WHAT THE TASK ASKS -
In the listing below, the lines starting at the line with "Orange Poppy Fields Paint By Numbers" and ending at the line with "Photo de Lhassa apso" are to be output verbatim. Images stay out of the copy.

*** STUDY MATERIAL ***

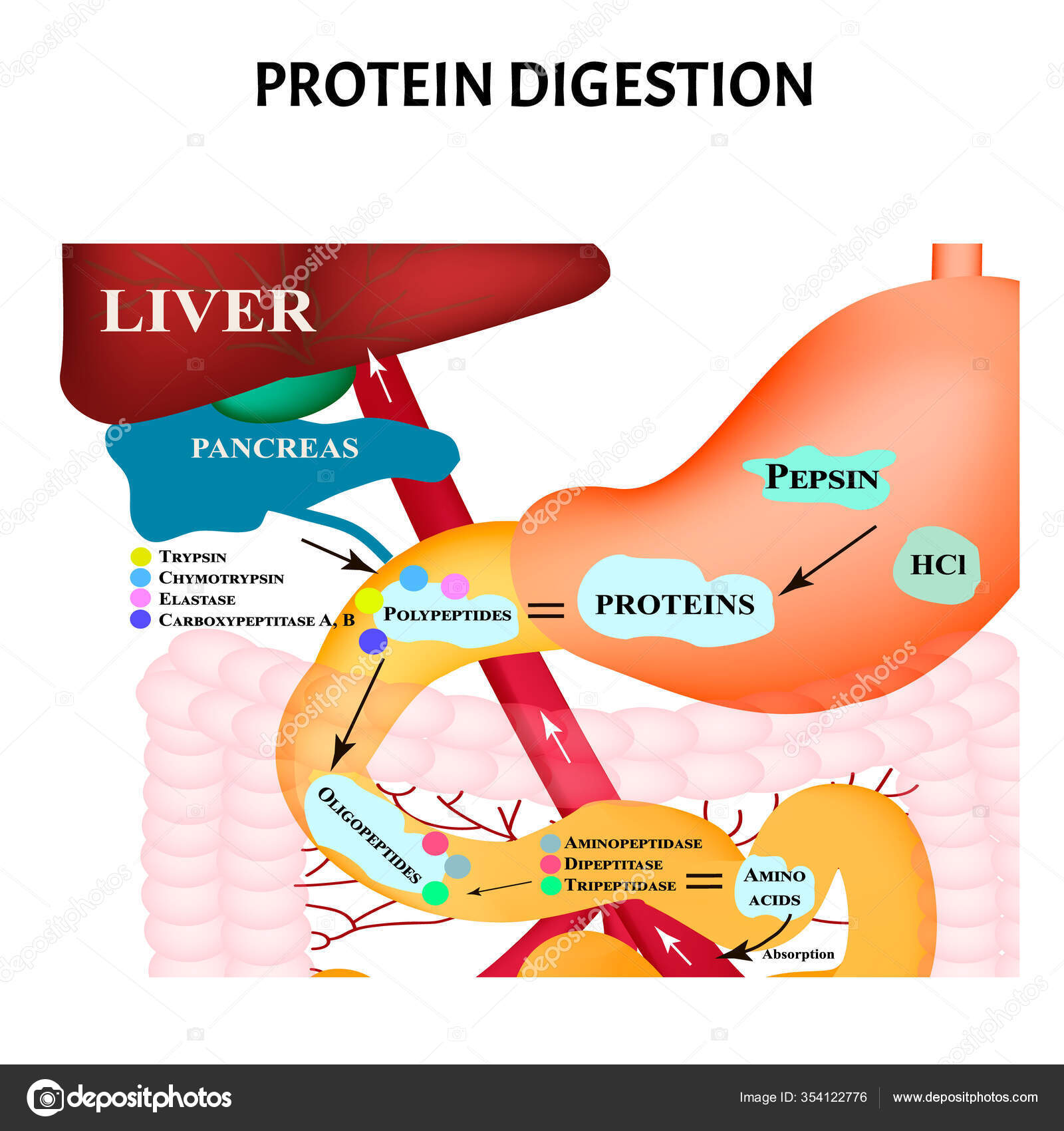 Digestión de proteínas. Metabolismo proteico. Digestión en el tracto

*** End of STUDY MATERIAL ***
*** STUDY MATERIAL ***

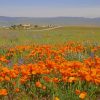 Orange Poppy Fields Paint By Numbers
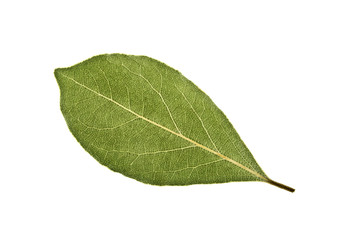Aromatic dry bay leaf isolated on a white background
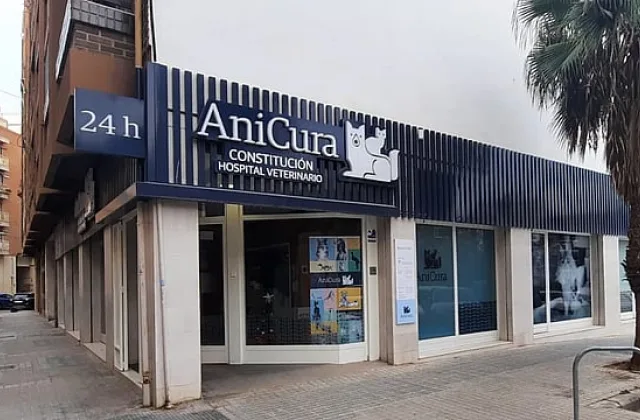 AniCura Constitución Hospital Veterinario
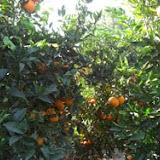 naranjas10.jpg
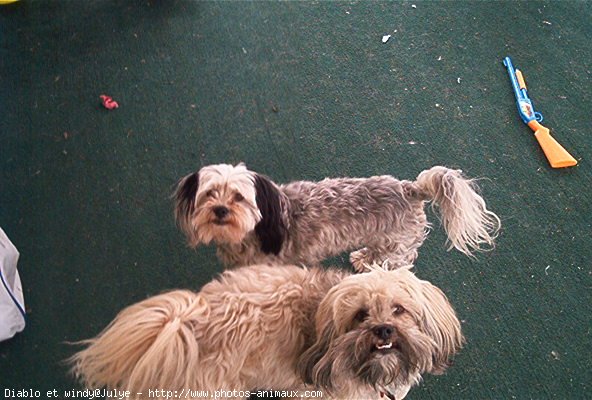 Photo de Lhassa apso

*** End of STUDY MATERIAL ***

OUTPUT OF THE EXERCISE -
 Orange Poppy Fields Paint By Numbers
Aromatic dry bay leaf isolated on a white background
 AniCura Constitución Hospital Veterinario
 naranjas10.jpg
 Photo de Lhassa apso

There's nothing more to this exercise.